Tuesday, August 9, 2011


So you're playing out somewhere, and you are up there doing your all. The light's in your eyes, you are sweating your ass off, playing your heart out. And you look in to the audience and no one is dancing. No one is even standing in front of you. What is going on? Is the audience a buncha weenies or what?

Having been married to a very good drummer who had as many paying blues and rock gigs in a week as he could schedule, plus his own art band, I can safely say I've been to thousands of gigs, listening on both sides of the stage--not left and right, but in front of the stage, talking and listening to the crowd and behind the drums/backstage listening to the band. So I'm an interested 3rd party. I want everyone to have a great time at shows.

First off, the audience may be a buncha weenies. It could be true. But if they are in a bar, listening to you, then they want to be a buncha weenies letting loose and having a good time. If they are standing far away from you, and not really dancing, it could be caused by many things:

1. It may be early and they may not be drunk enough yet. Not much you can do about that except remind them to get another beer.

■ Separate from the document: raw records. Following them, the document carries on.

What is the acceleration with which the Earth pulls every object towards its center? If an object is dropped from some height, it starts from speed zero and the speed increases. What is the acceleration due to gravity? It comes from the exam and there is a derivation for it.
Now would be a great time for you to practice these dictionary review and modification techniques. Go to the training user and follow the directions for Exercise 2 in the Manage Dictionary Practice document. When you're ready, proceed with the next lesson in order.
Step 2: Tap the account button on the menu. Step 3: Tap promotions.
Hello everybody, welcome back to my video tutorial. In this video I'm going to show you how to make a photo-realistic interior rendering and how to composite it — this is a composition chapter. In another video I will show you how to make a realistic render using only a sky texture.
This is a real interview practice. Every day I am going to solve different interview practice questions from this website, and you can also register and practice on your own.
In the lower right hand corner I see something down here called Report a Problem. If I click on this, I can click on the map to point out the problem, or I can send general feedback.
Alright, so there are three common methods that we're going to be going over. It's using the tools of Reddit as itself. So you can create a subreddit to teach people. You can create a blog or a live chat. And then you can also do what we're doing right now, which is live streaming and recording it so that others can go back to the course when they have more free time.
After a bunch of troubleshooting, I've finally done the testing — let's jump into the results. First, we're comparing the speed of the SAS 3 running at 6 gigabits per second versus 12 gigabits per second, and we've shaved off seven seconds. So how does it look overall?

2. The acoustics of the place may not be right for your normal volume level. If you are playing in a place with lots of brick and/or glass, the soundwaves are going to be reflected off the walls and hurting your audience's eardrums. You don't really want to hurt them, do you? They are paying for your performance, either directly through a cover, or indirectly by buying booze. Did you remind them to get another drink?

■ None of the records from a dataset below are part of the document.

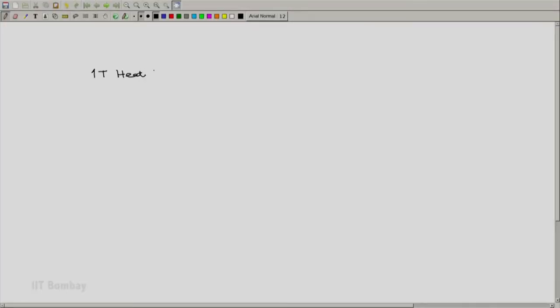Welcome back. Now it is time for us to associate an engine with one or more reservoirs. Let us try to create an engine which is working with only one thermal energy reservoir and see the consequences. Because we are now trying to associate an engine with a single thermal reservoir, we will give it the nomenclature '1T heat engine', indicating that we have a heat engine associated only with one thermal energy reservoir at some fixed temperature, say T1.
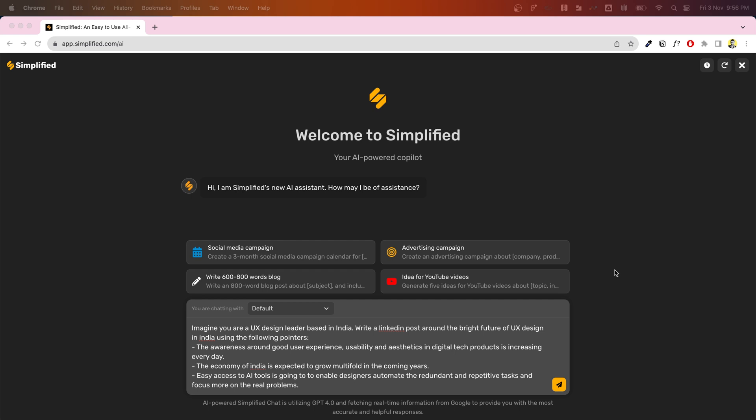Let's talk about writing LinkedIn posts and Instagram captions. Simplified has the feature of generating compelling copies instantly. With just a prompt, you can create engaging and effective content in seconds. I want to create a LinkedIn post on the bright future of UX designers in India, and I'm going to use Simplified to generate that post right away. Here I've written a basic prompt where I've asked the tool to imagine that they are a UX design leader based out of India.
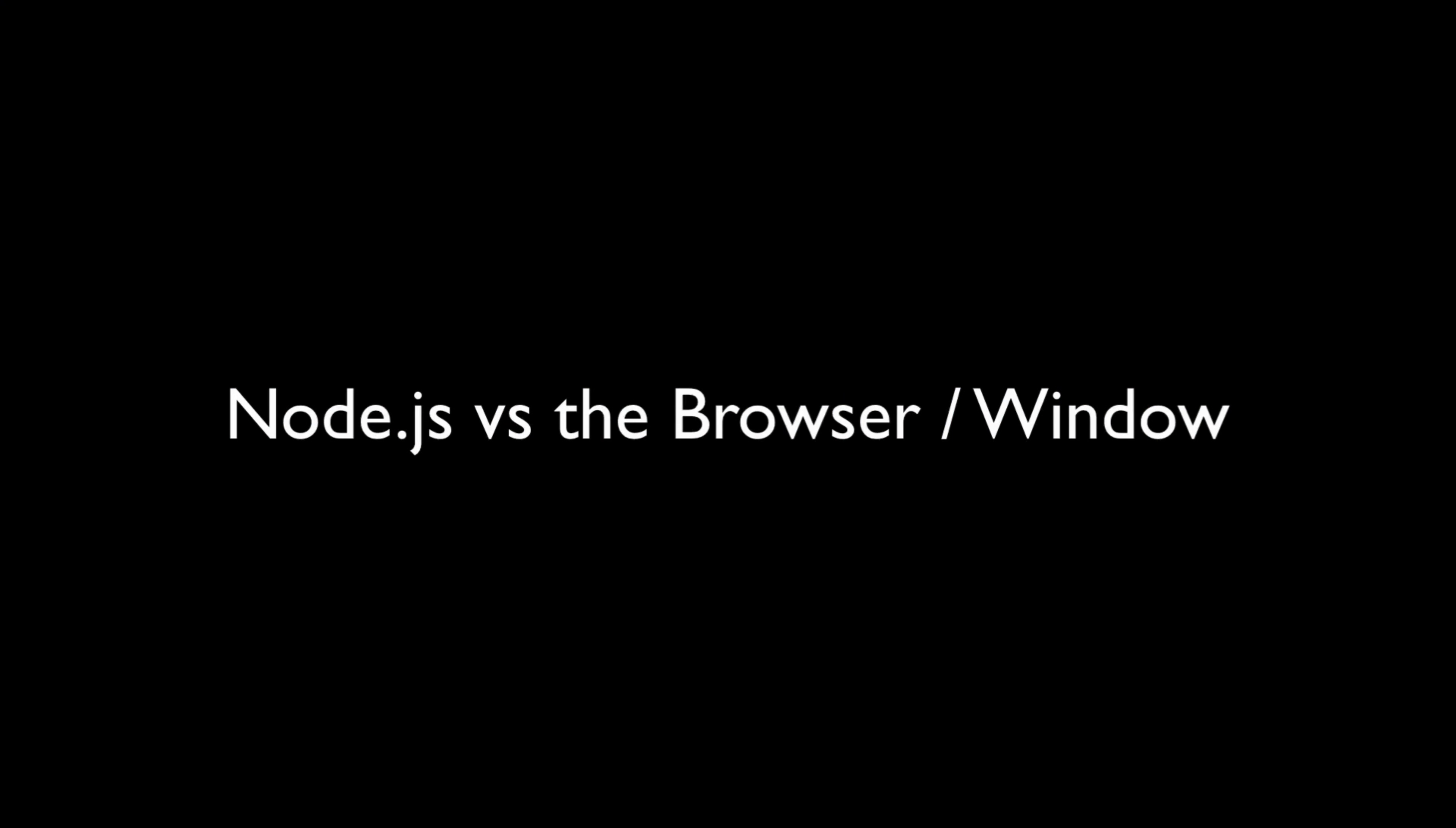Node.js versus the browser or window. If you're coming from the world of front-end JavaScript, particularly for the browser, you may be thrown off by some of the differences in Node versus that kind of environment.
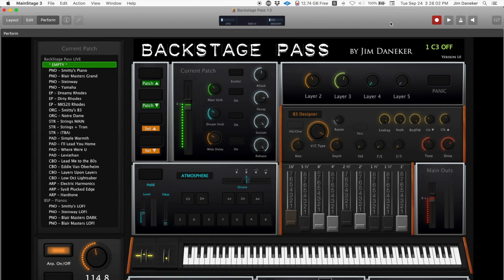First things first — people have asked why there's an empty patch. When I'm running stems on tour, I do all of that in Logic, and there are a few songs where I pull up a patch specific to that song and run it in Logic. Without the empty patch, playing my keyboard would trigger both MainStage and Logic simultaneously, which I don't want. So when I'm on a song like that, I call up this empty patch and only Logic is triggered — MainStage does nothing.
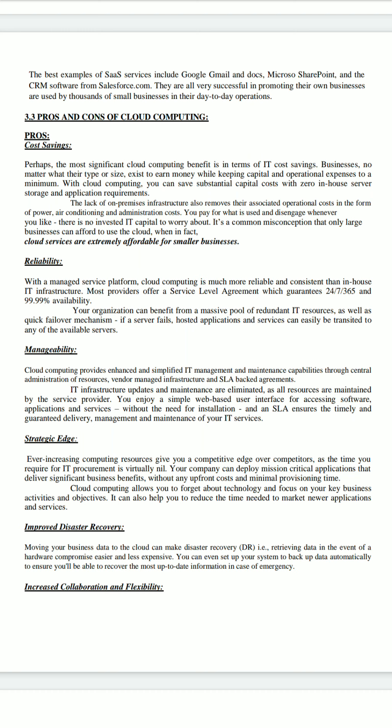There is no invested IT capital to worry about. It is a common misconception that only large businesses can afford to use the cloud, when in fact cloud services are extremely affordable for smaller businesses also. The second pro of cloud computing is reliability — your organization can benefit from a massive pool of redundant IT resources.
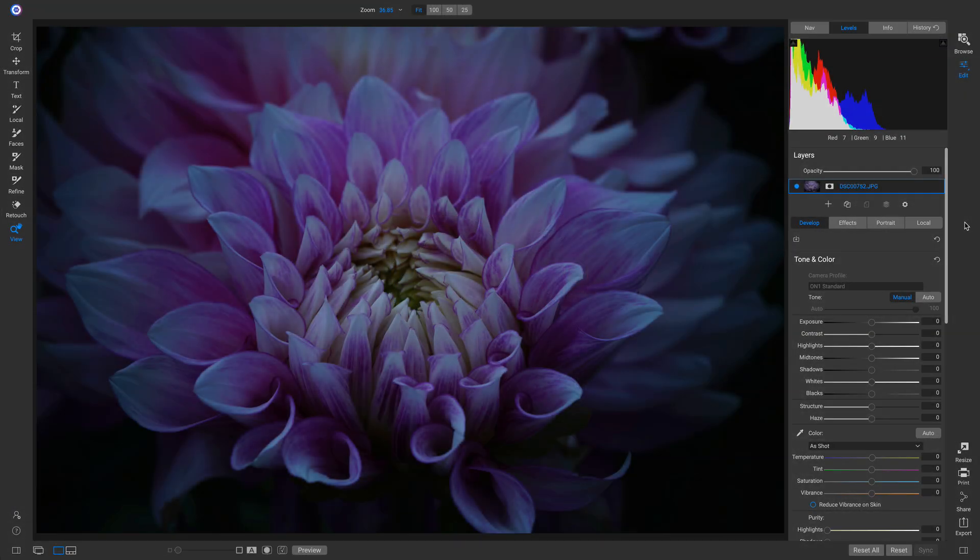For those who are new to photo editing, and even professional photographers with years of experience, sometimes editing a photo from start to finish can be a bit stressful.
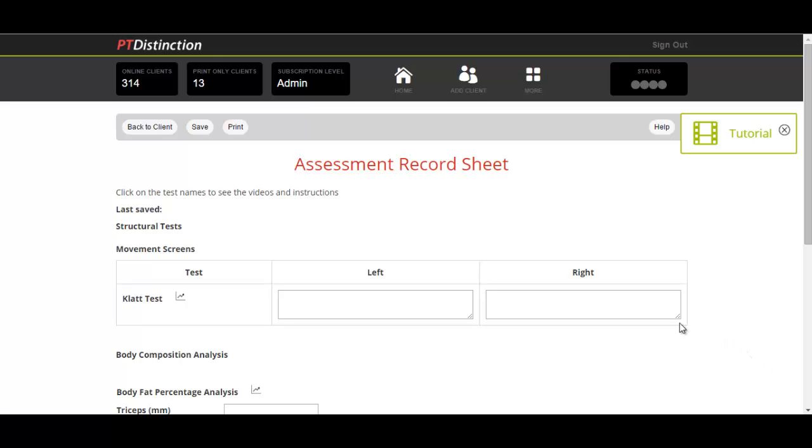So this is how you would record some results, and then I will show you how you compare it to previous results and track.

3.You may be blowing their minds. Honest. You may be so far out of their usual sounds and ideas, your audience may be struck dumb. It may be great to open their minds like that, but you probably want them dancing and acting all crazy anyway. The solution--your interpretation of a song everyone knows. I'm not asking you to do kareoke here. In fact, the exact opposite--when you show an audience YOUR interpretation of a tune, you are showing them who you are AND what they can expect from you at the same time. This isn't something you should do as a first song--or else the audience will think you are a cover band--but not the last either or it's a waste. Probably 3rd or 4th song in the first set.